6. Prepare the tamales:
Use medium-high heat to cook the tamales. Set the timer for 90 minutes when the water boils. Every 15 minutes, check on the water to make sure it hasn’t all evaporated. You may need to add more hot water.
Turn off the heat after 90 minutes and let the tamales rest in the steamer for 20 minutes.
To see if a tamale is ready, carefully take it out of the pot with tongs and unwrap it. The husk should come off the masa easily.

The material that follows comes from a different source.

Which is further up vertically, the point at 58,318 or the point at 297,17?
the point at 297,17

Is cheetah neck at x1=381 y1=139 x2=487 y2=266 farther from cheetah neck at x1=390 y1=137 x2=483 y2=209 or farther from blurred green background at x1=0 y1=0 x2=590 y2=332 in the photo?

Serve the tamales with a dollop of crema, a sprinkle of cotija cheese, and chopped cilantro.
Leftovers can be kept in the fridge for up to four days. The best way to warm up tamales is in the microwave.
Tamales that have been cooked can be frozen for about 6 months. Let the tamales cool down completely after cooking. Then, put them in freezer bags with zip-tops to store them.